The office will become "a hub - a coworking space, meeting space, the training space, the social space", says Dawber. As he surveys the site, Dawber can see construction workers building two large office blocks. Four more are in preparation. "The view that the days of the office are over, and the days of the city are over," he says, "is wrong."
It is a critical judgment, because on the back of jobs and opportunities rides everything else that makes cities tick - homes to house workers, shops and supermarkets to feed them, theatres and museums to entertain them, pubs for them to drink in.
"The reason people want to live in the centre of London, Manchester, Birmingham or Leeds is that there are jobs on the doorstep," says Paul Swinney, director of policy and research at the Centre for Cities think tank. Those workers, he says, "support all the shops, cafés and restaurants, and amenities". And without them, he says, nothing else is viable.
"If there was this massive movement of jobs out of the centre, the centre would become a much less desirable place to live."
Few people, he points out, are clamouring to live in the centre of Burnley or Blackburn. Whether workers return to cities, then, is likely to also determine the fate of all urbanites, from publicans to estate agents to actors to chemists.

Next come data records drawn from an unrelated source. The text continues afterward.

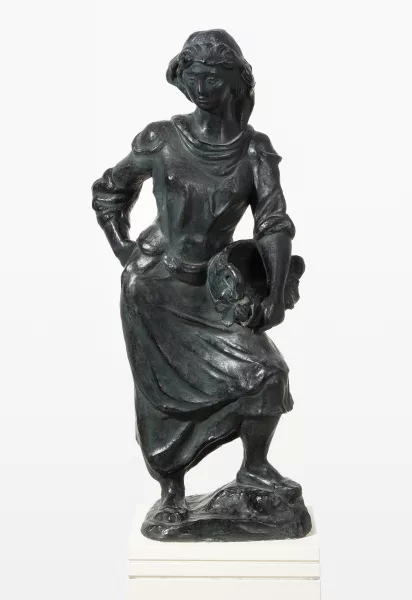 Eduard Spörri — Korbträgerin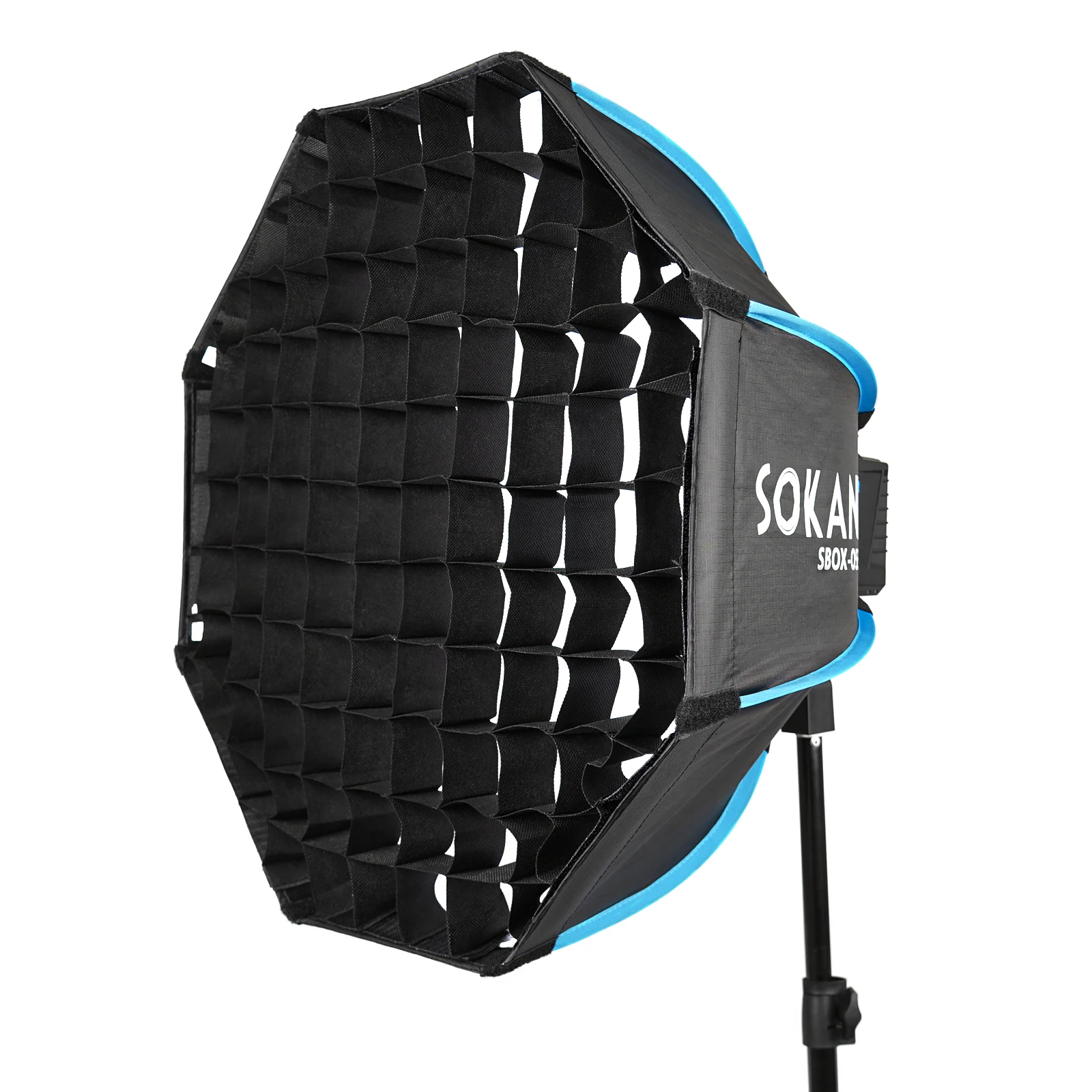 Sokani-Softbox octagonal plegable, montaje Bowens para Sokani X100 X60 Mini COLBOR CL60 Aputure 60X-S 200X-S, luz LED para vídeo, 55cm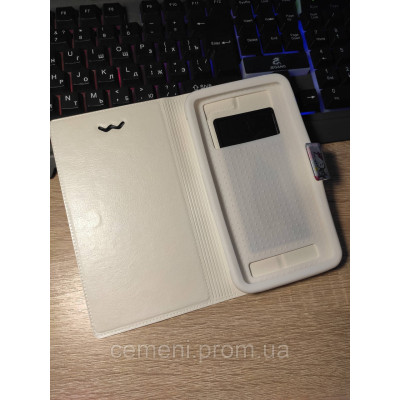 Универсальный чехол-книжка для смартфонов 5.5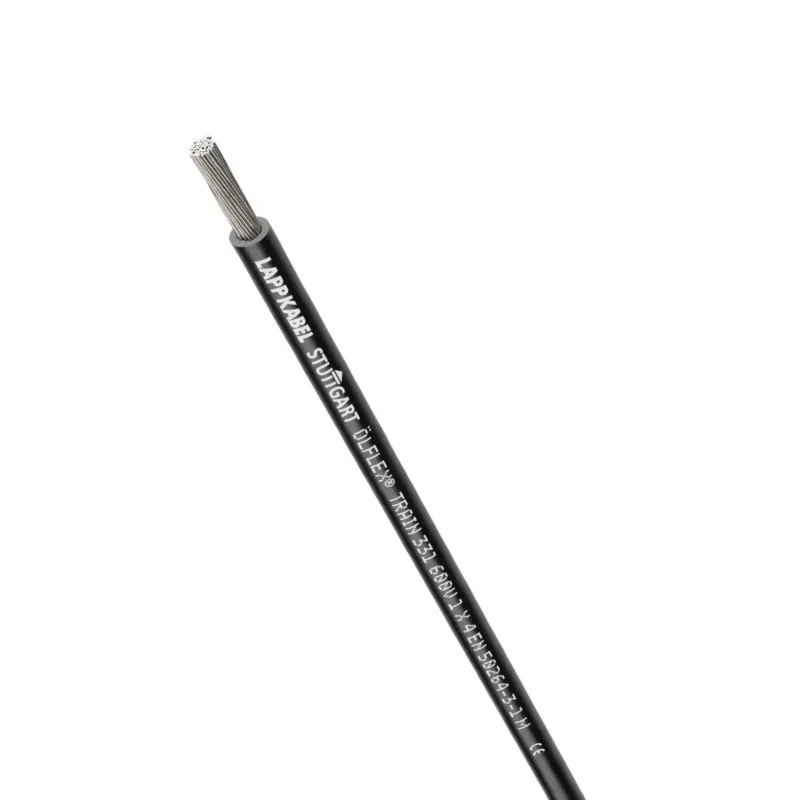 Lapp Kabel&Leitung - Energiekabel >= 1 kV, für feste Verlegung ÖLFLEX TRAIN 331 600V 15331002/500 1X2,5 BK − 500 Meter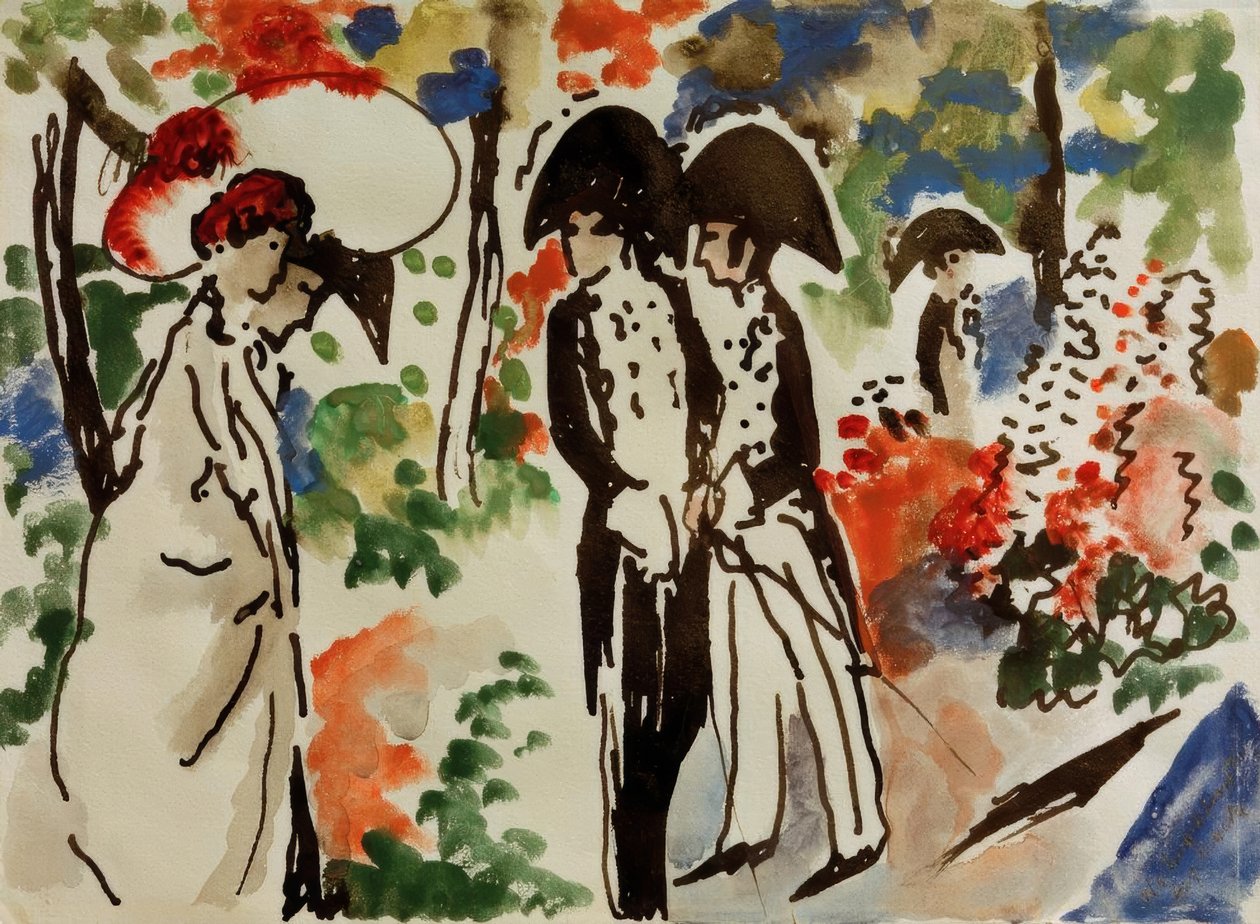 Promenáda od August Macke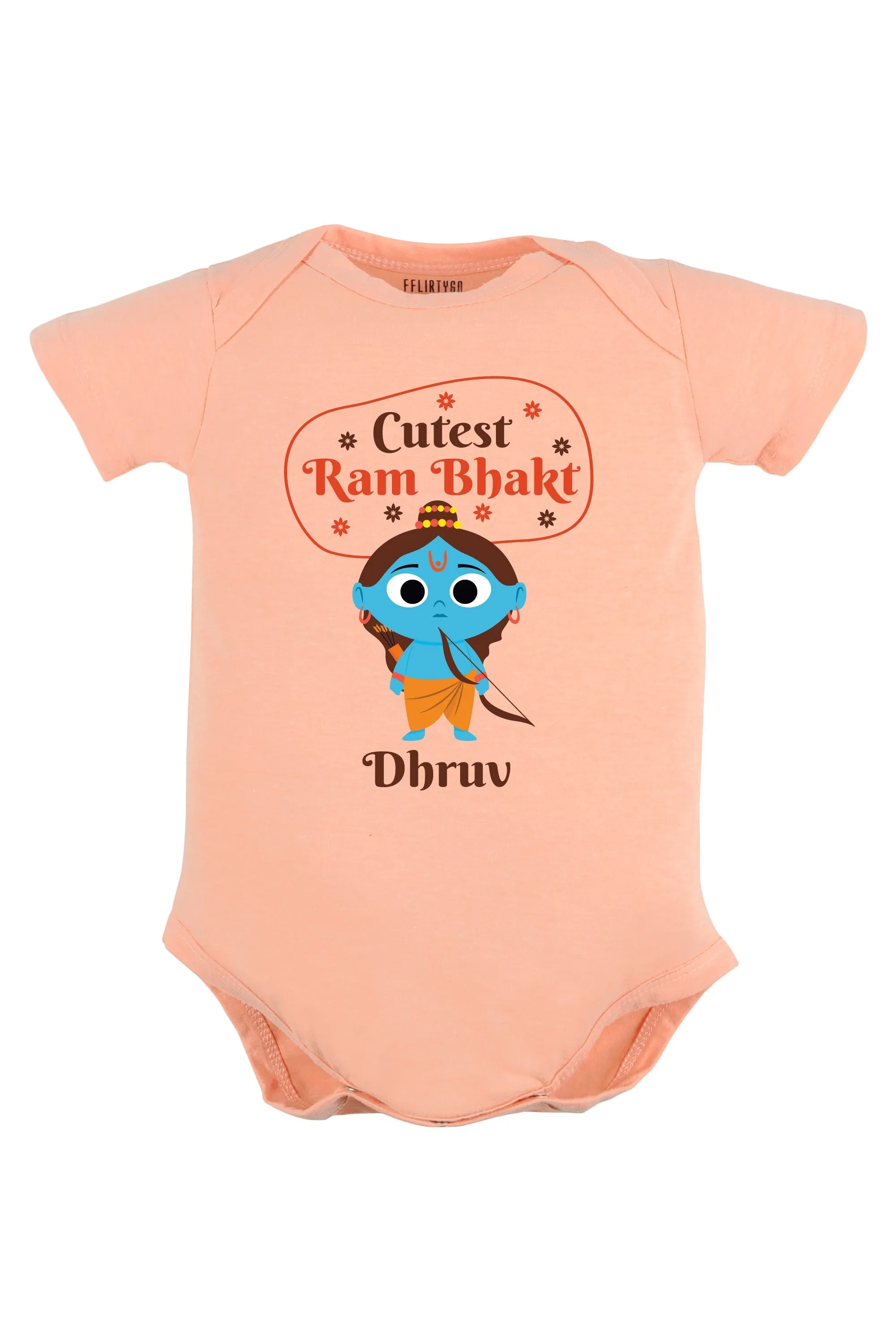 Cutest Ram Bhakt Baby Romper | Onesies w/ Custom Name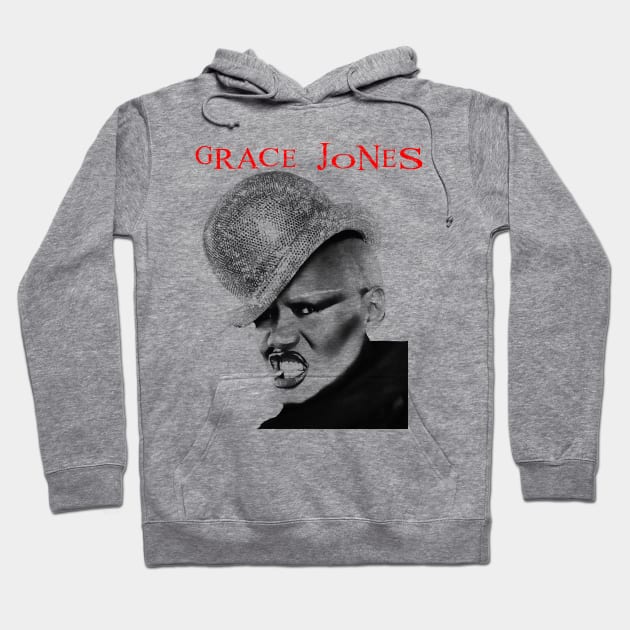 grace jones visual art Hoodie by DOGGIES ART VISUAL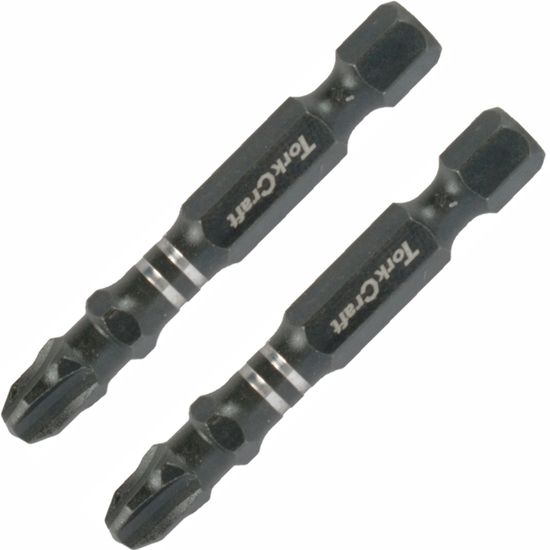 TORK CRAFT Impact Phil.3 X 50mm Power Bit 2/card Ph3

And it is tempting, listening to Zuckerberg, Dorsey et al, to believe they never will.
Tempting, says, Swinney, but wrong. "The majority of jobs still have to be done in the workplace - manufacturing, care and social care, education."
Jobs that can easily be done from home are actually the jobs that "have most gravitated towards city centres". That reveals, he says, "the value of face-to-face interaction".
The jobs at the heart of the "knowledge economy" - media, accounting, finance, law and, yes, tech - actually depend on tangible physical location.It's obvious why. Clusters of bright people have become the single best ideas- and wealth-creating engine. That is unlikely to change. Rather, says Swinney, "the challenge now is how do you organise cities to sustain that in an age of global pandemics".
It is possible. South-east Asian cities, veterans of the recent outbreaks, have been swift to impose deep cleans and distancing plans of the type Canary Wharf is now working out for the first time.
Detroit's reliance on the auto industry meant its economy was always vulnerable to a single big shift. But the true megacities of today are teeming, multifarious and resilient.
"The broader trend is that cities will get bigger," says Swinney.
After all, London is actually not all that big; Tokyo, Shanghai and Delhi are home to at least three times more people.
A century ago, on the back of steel and electricity, New York became the first 10 million-person city. Now pandemic preparedness may be among the technologies that propel us to 100 million.